The answer must be an exact copy of the lines from the one with "2014 FORD F-150 FX4 - 1FTFW1ET7EFB49446" to the last line of the entries below, both included, and must contain no pictures.

****************************************

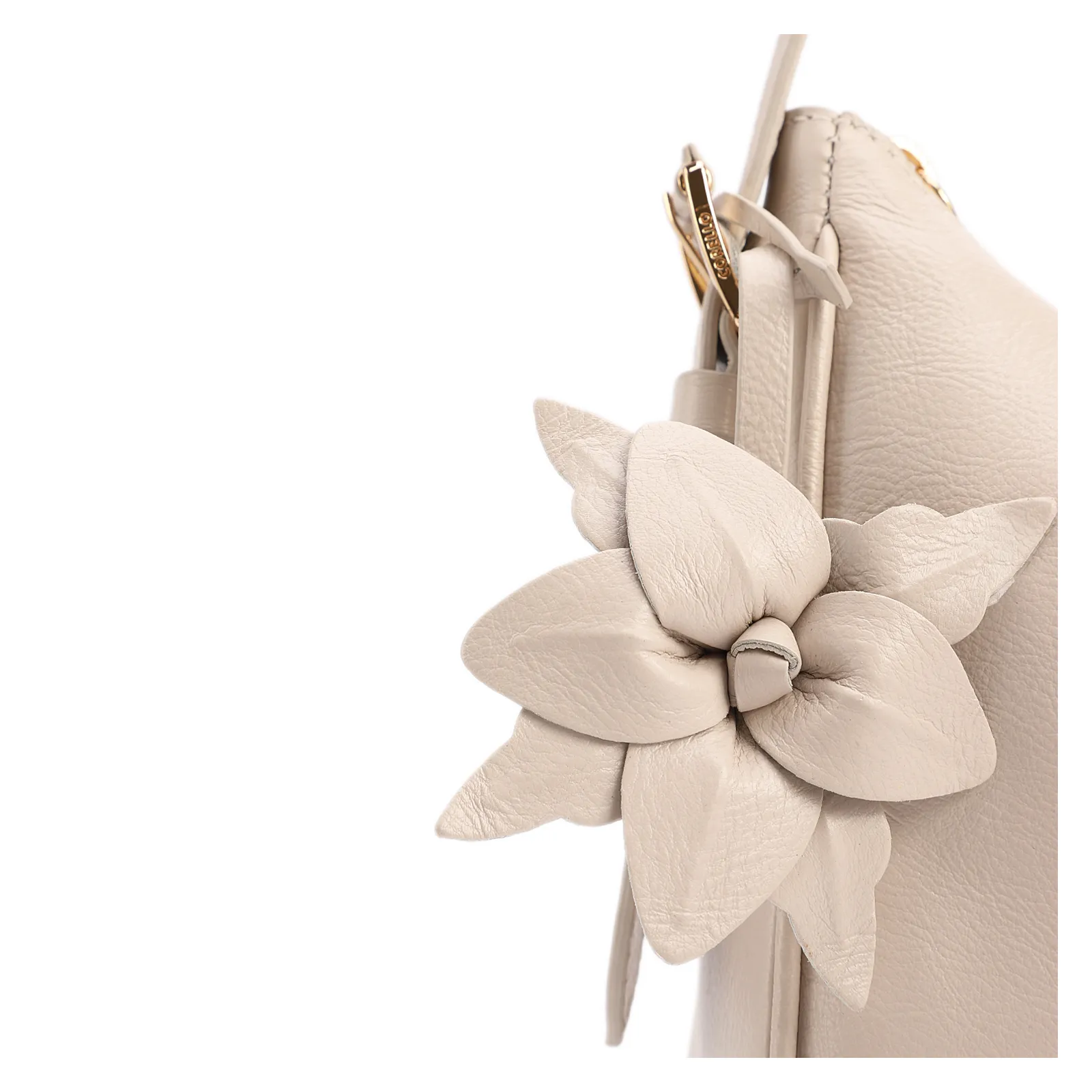 Bolsa De Ombro Pequena Couro Off White Pingente Flor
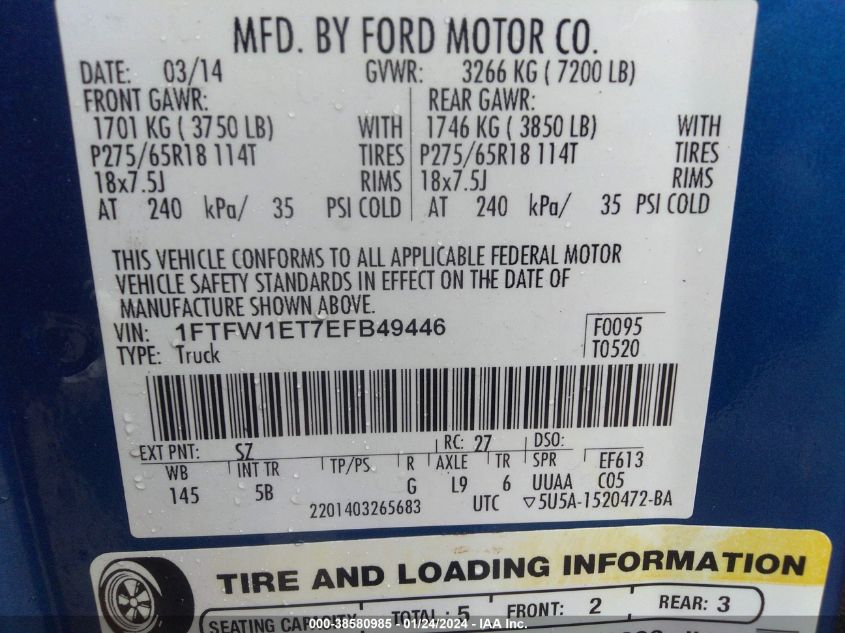 2014 FORD F-150 FX4 - 1FTFW1ET7EFB49446
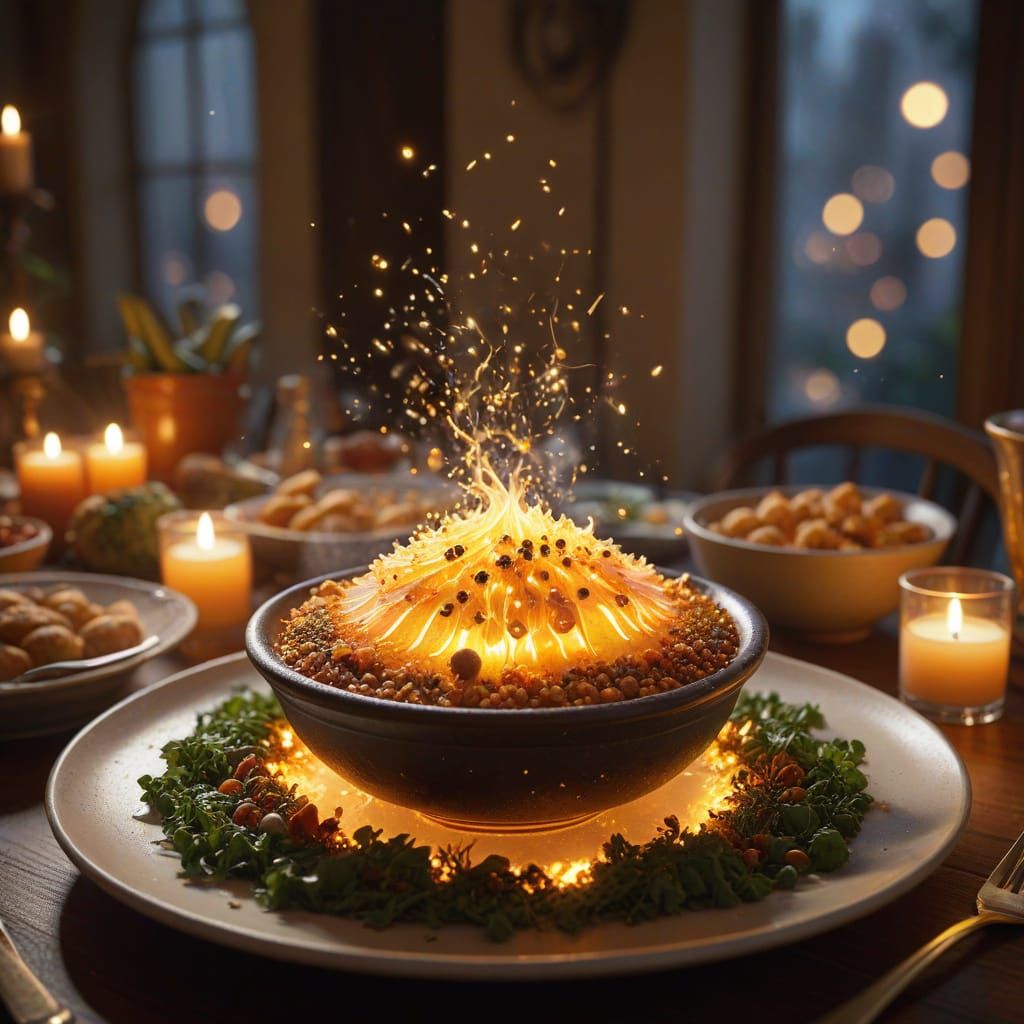Magical Food Table Set With Luminous Vapors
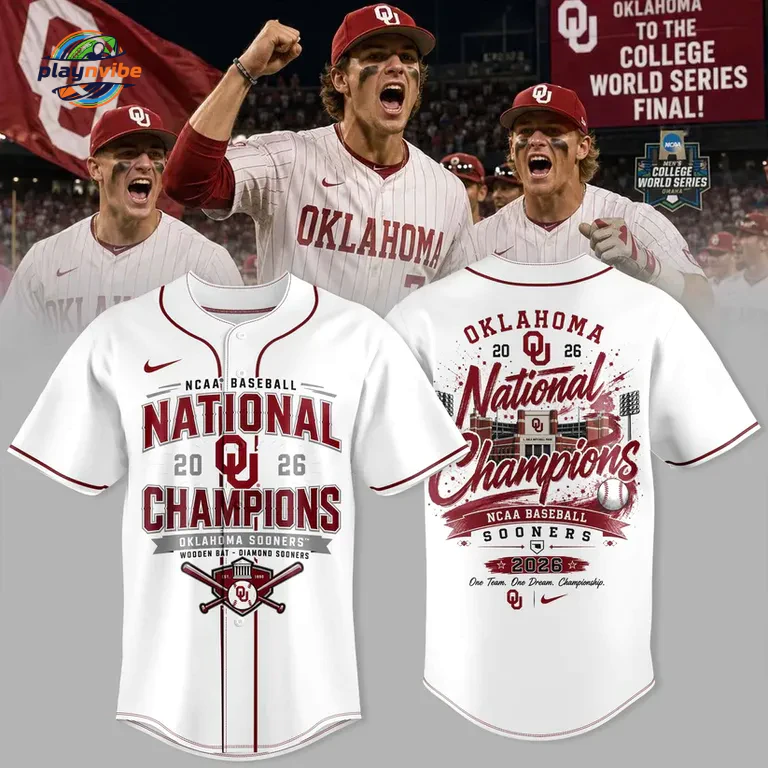 Oklahoma Baseball 2026 National Champions White Jersey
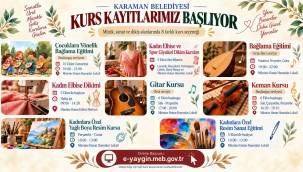 Karaman Belediyesi'nden Her Yaşa Yönelik Ücretsiz Kurs İmkânı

****************************************

● **SOLUTION BELOW**
 2014 FORD F-150 FX4 - 1FTFW1ET7EFB49446
Magical Food Table Set With Luminous Vapors
 Oklahoma Baseball 2026 National Champions White Jersey
 Karaman Belediyesi'nden Her Yaşa Yönelik Ücretsiz Kurs İmkânı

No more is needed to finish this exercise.